[Data records]
-=-=-=-=-
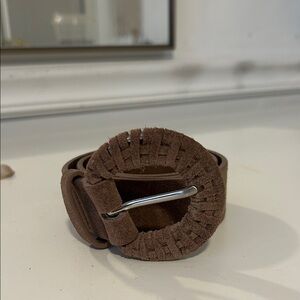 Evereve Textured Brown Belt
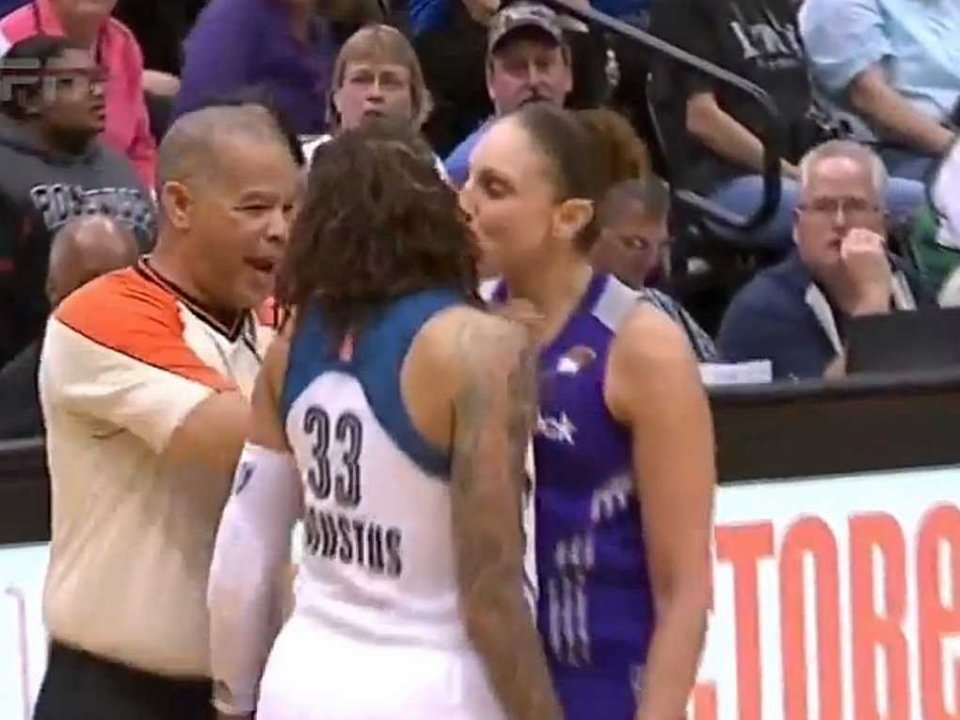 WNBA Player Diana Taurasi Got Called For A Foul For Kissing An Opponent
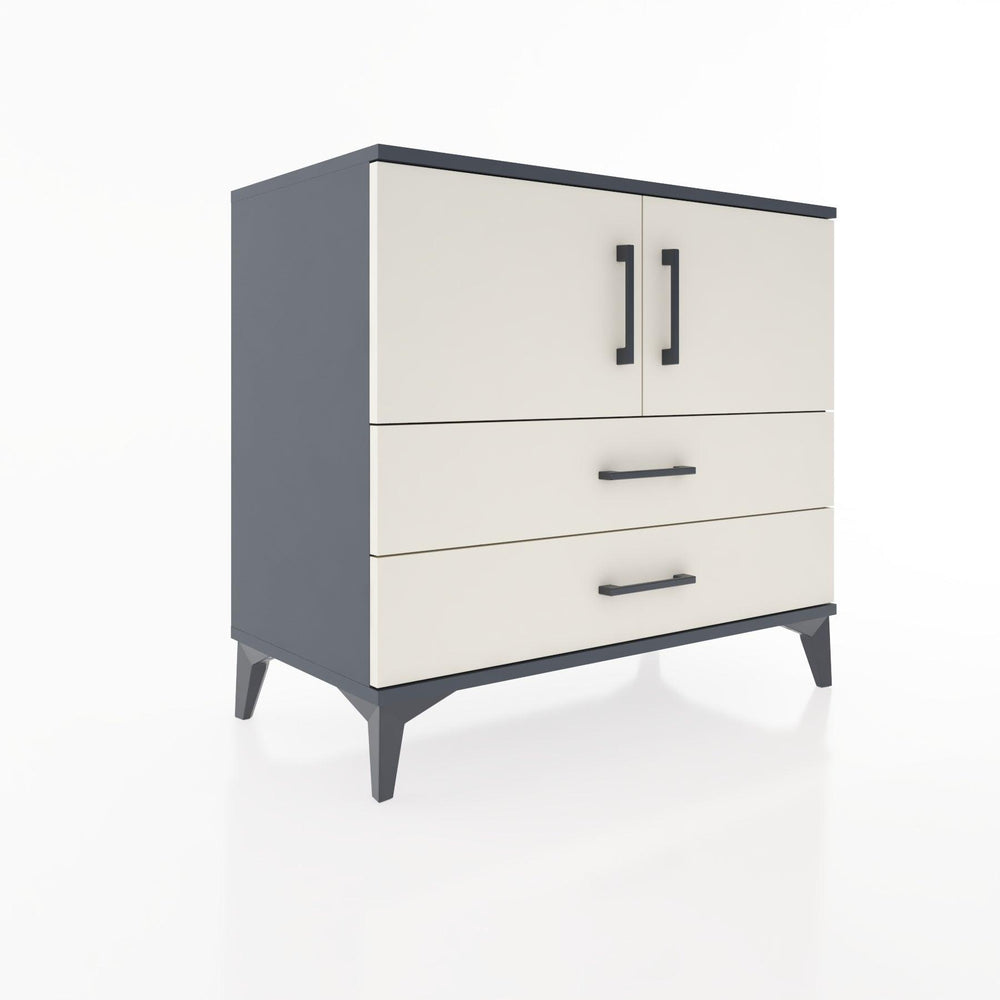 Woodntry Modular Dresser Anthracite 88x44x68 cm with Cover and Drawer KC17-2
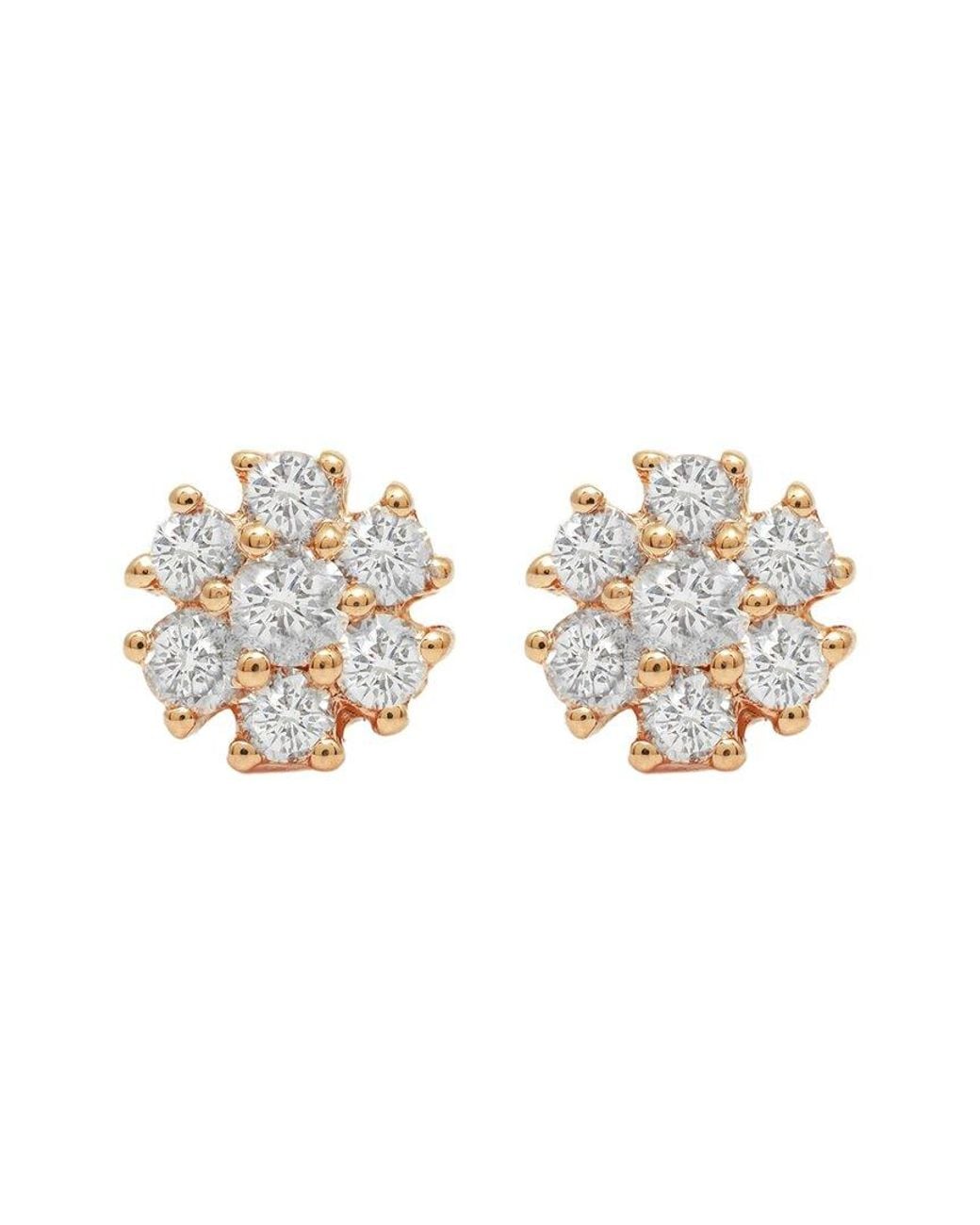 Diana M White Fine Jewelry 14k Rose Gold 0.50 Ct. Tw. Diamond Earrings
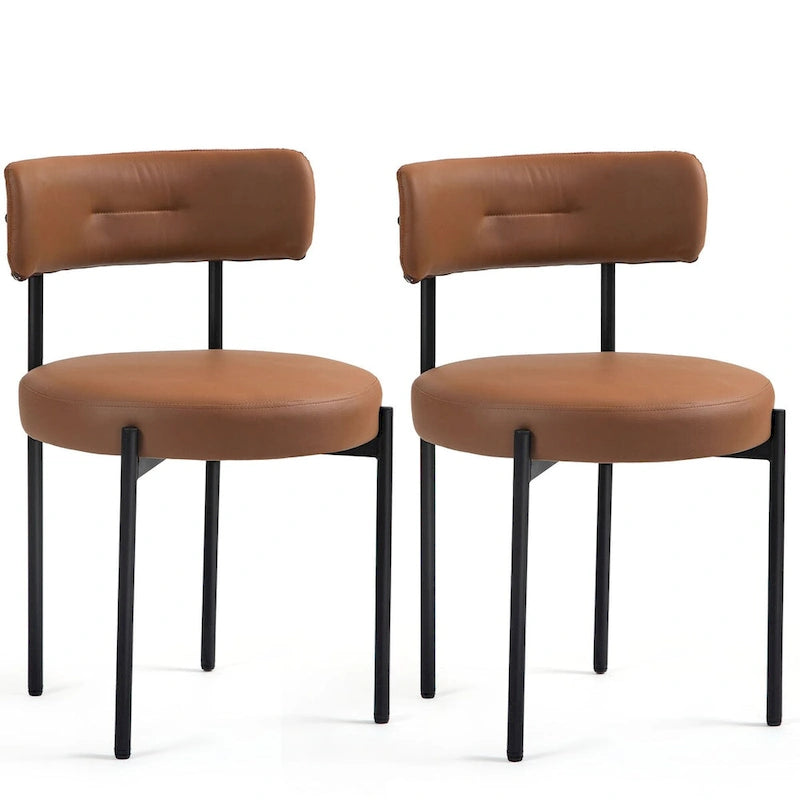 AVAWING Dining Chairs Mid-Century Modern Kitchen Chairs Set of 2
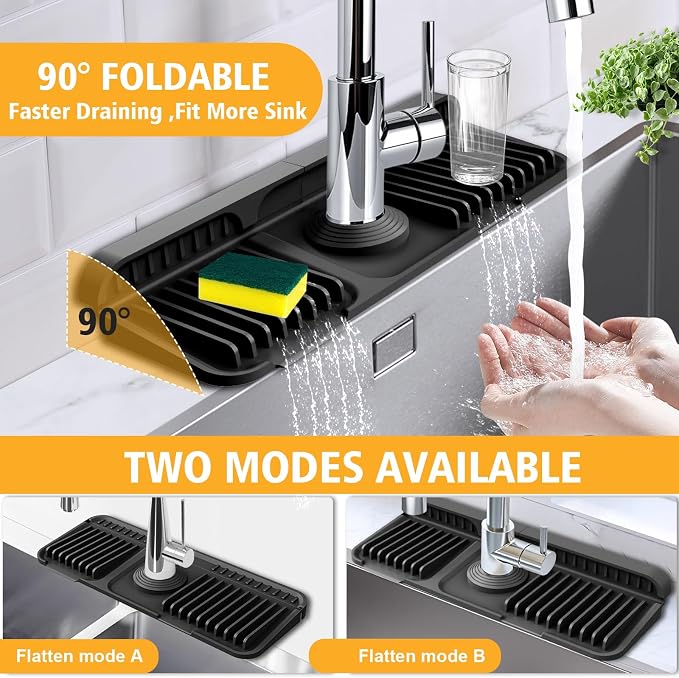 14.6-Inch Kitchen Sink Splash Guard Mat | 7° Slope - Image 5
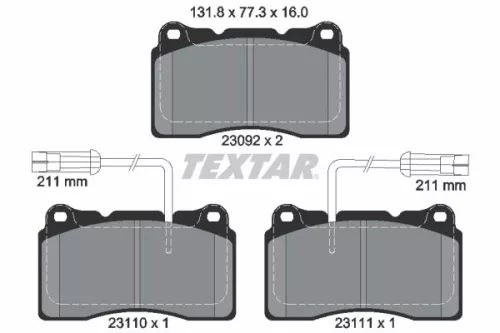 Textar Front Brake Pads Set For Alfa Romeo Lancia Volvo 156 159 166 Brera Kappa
-=-=-=-=-
• _THE PROBLEM_:
Extract, word for word, each line from the top of the data down to and including the line with "AVAWING Dining Chairs"; skip the pictures.

• _TASK RESULT_:
 Evereve Textured Brown Belt
 WNBA Player Diana Taurasi Got Called For A Foul For Kissing An Opponent
 Woodntry Modular Dresser Anthracite 88x44x68 cm with Cover and Drawer KC17-2
 Diana M White Fine Jewelry 14k Rose Gold 0.50 Ct. Tw. Diamond Earrings
 AVAWING Dining Chairs Mid-Century Modern Kitchen Chairs Set of 2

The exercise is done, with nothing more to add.